Auf dem schnellsten Weg anfahren? Das scheint mir bei langsamen Änderungen des AnalogSignals genau der falsche Weg zu sein.


----------



## Onkel Dagobert (27 März 2022)

alfred0905 schrieb:


> ... Ich möchte Quasi die Sollposition vorgeben und er soll diese auf dem schnellsten Weg anfahren - wie ein P Regler quasi Soll- und die errechnete Ist vergleichen.


Warum nimmst du nicht einen P- oder PI-Regler?


----------



## alfred0905 (27 März 2022)

Heinileini schrieb:


> Ich stehe auch vor einem Rätsel. Kannst Du irgendetwas dazu sagen, woran es scheitert?
> Müssten die positiven Flanken schneller erfolgen und wo liegt die Obergrenze?
> Oder müssten die Flanken in grösseren Abständen aufeinander folgen, damit bei langsamerem Ansteigen/Abfallen des AnalogSignals die Bewegung nicht so "zackig" erfolgt, sondern der Antrieb sich Zeit nehmen kann, die langsame Änderung auch langsam nachzuvollziehen?
> Vermutlich müsstest Du die Zeit zwischen zwei aufeinanderfolgenden Flanken an die ÄnderungsGeschwindigkeit des AnalogSignals anpassen?
> ...



Der Analogwert "Sollposition" kommt über ArtNet (also Netzwerk) mit 44hz in die SPS (als 16bit Variable)

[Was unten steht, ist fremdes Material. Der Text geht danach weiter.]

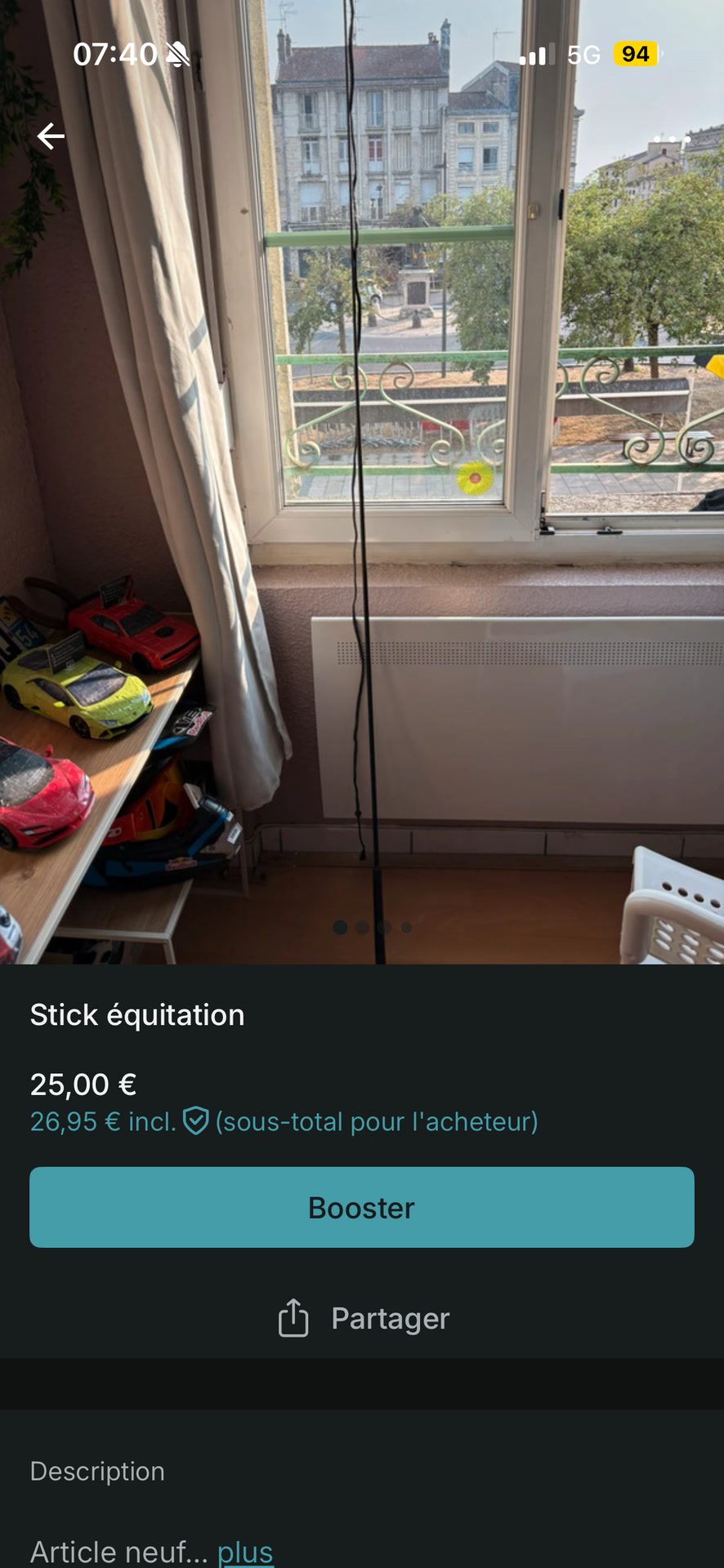 Chambriere, média 5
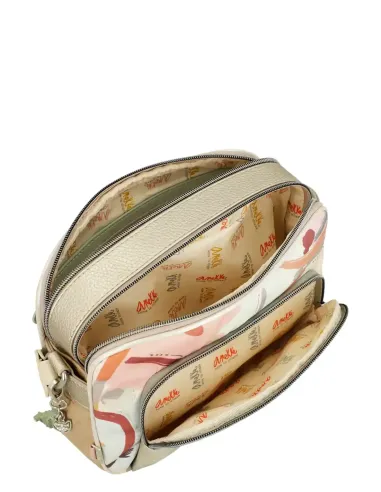 Bandolera Con Bolsillo Anekke Smart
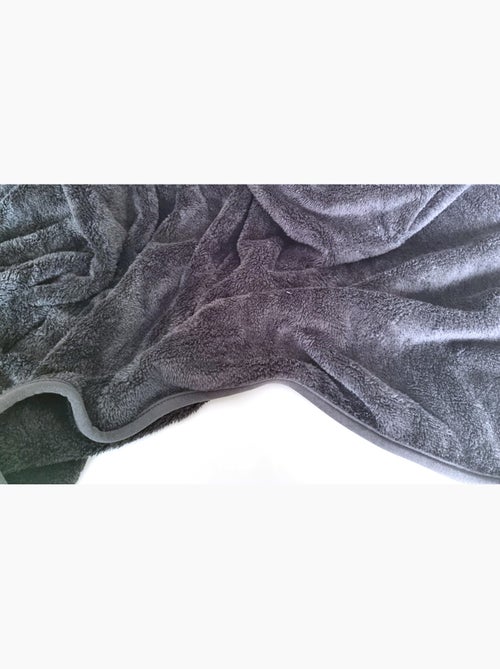 Grande plaid tinta unita - Kiabi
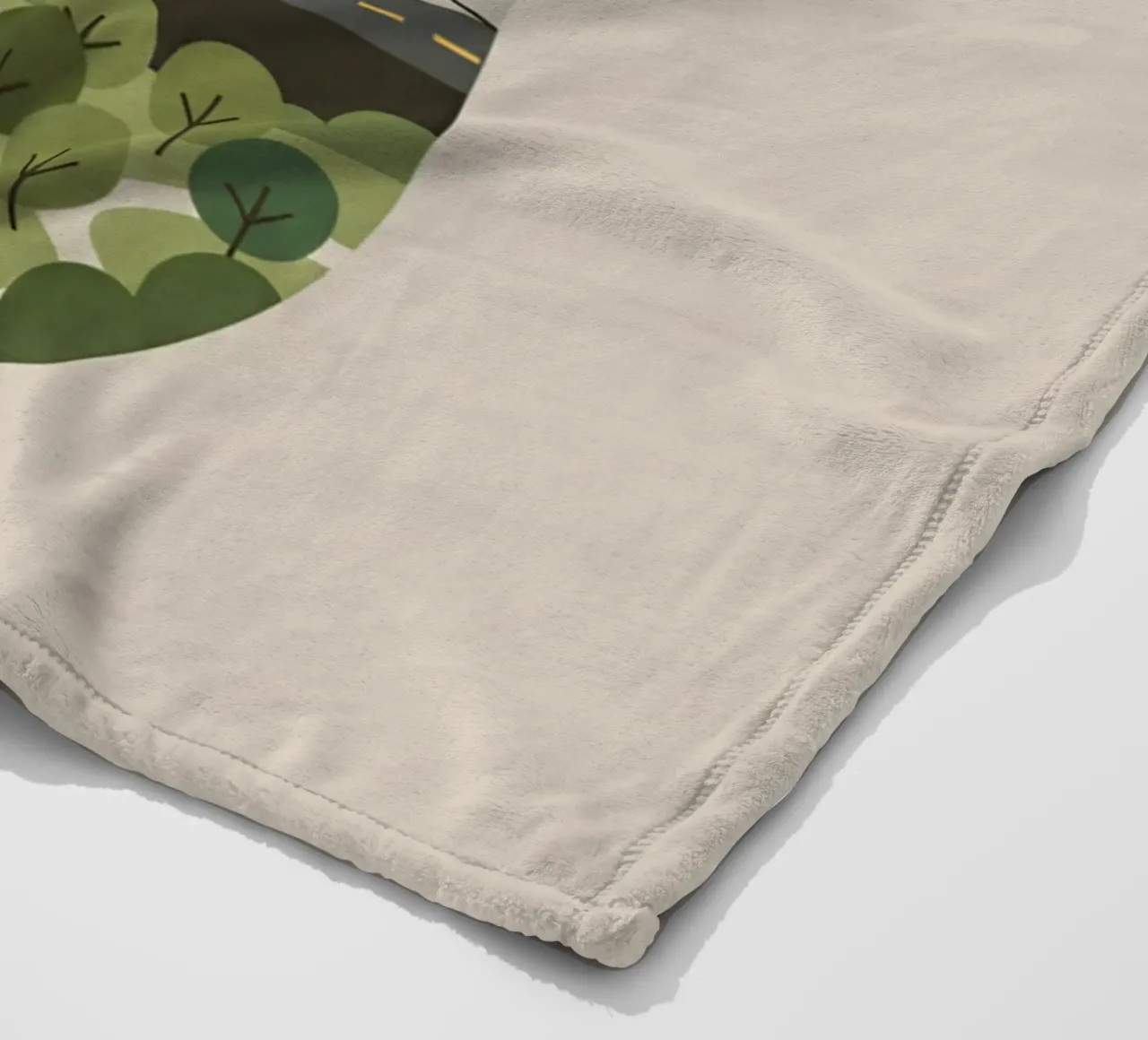 Stadscapsule fleecedeken van Wild Colors Gallery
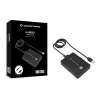 Conceptronic HUBBIES 4 portu USB 3.0/2.0 centrāle, 90 cm kabelis, USB 3.2 Gen 1 (3.1 Gen 1) Type-A, melns, USB 2.0, USB 3.2 Gen 1 (3.1 Gen 1) Type-A, Ķīna, 87 mm, 55 mm
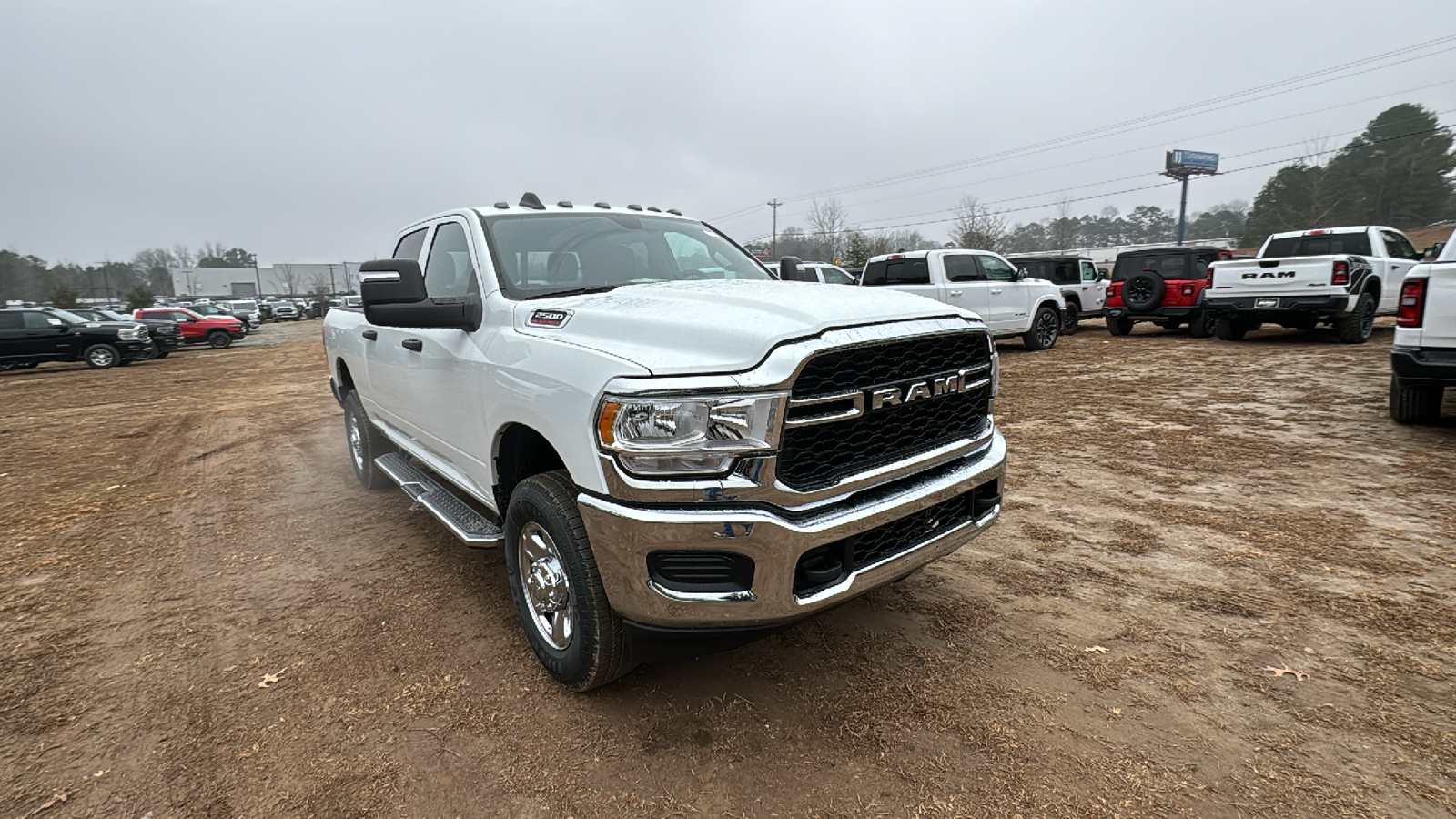 2024 Ram 2500 Tradesman 3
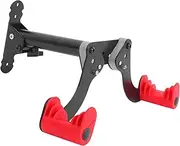 Toyvian Wall Bike Rack: Adjustable Heavy Duty Bicycle Storage Stand Space Saving Vertical Hanger for Mountain and Road Bikes Garage Home
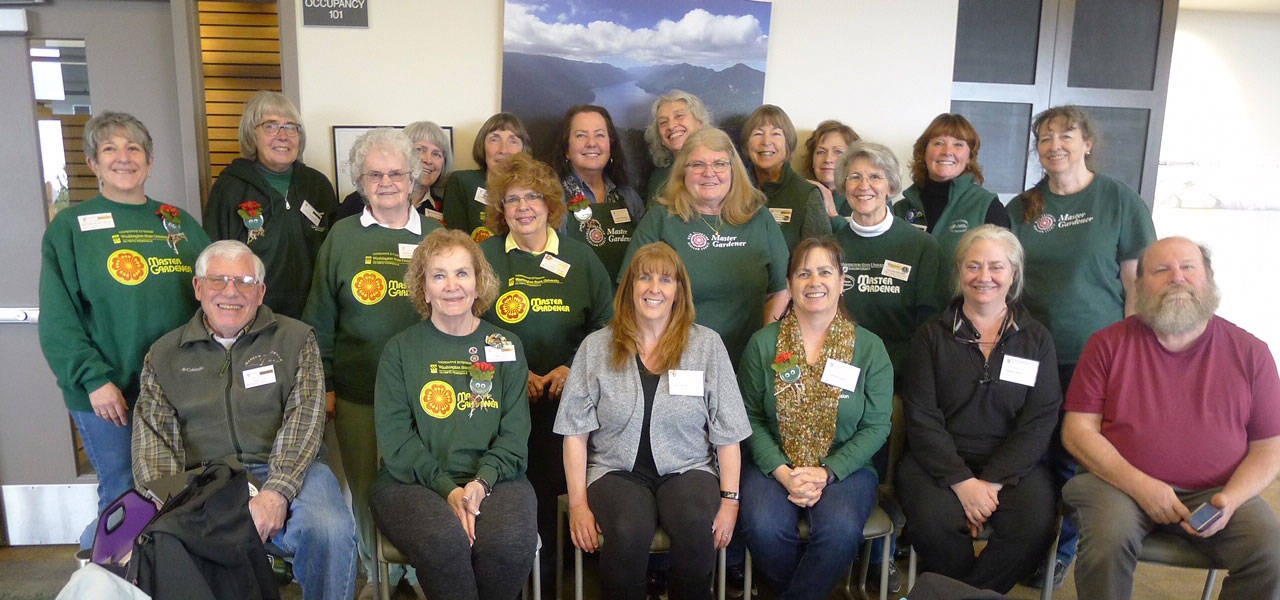 Clallam County Master Gardeners each year bring their expertise to local schools through the Youth Enrichment Program. Submitted photos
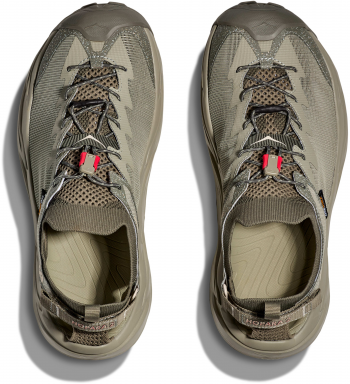 Сандалі чоловічі Hoka M Hopara 2 1147650-BYT 43 1/3 (9.5 US) оливкові Сандалі чоловічі Hoka M Hopara 2 1147650-BYT 43 1/3 (9.5 US) оливкові | Фото 7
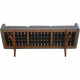 Illum Wikkelsø ML-90 3-personers sofa Nybetrukket med Hallingdal 130 stof 1960'erne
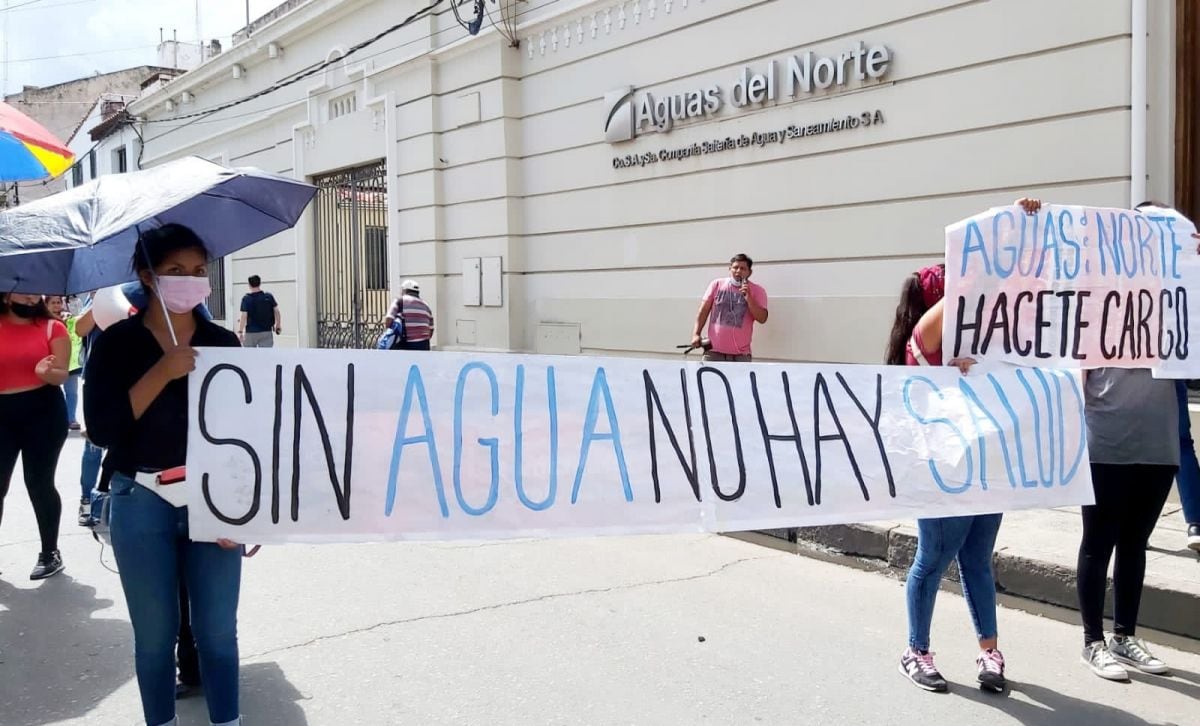 Reclamos a inicios del año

Momentan ist das so gelöst dass Execute dann ausgelöst wird wenn die Sollposition aus dem aktuellen Zyklus ungleich dem Sollwert des letzten Zyklus ist - das ist dann die Variable "Flanke".

Wird nun dieser Wert z.B. entlang einer Sinuskurve verändert fängt das ganze unheimlich zu ruckeln an - ich vermute mal weil quasi ein neues Execute ausgelöst wird bevor der letzte Auftrag fertig ausgeführt wurde - insbesondere wenn wenig Unterschied zwischen den Sollwerten ist, weil der Antrieb ja zwischen jedem "Execute" mit der eingestellten Beschleunigungs- und Verzögerungsgeschwindigkeit anlaufen und wieder stoppen will.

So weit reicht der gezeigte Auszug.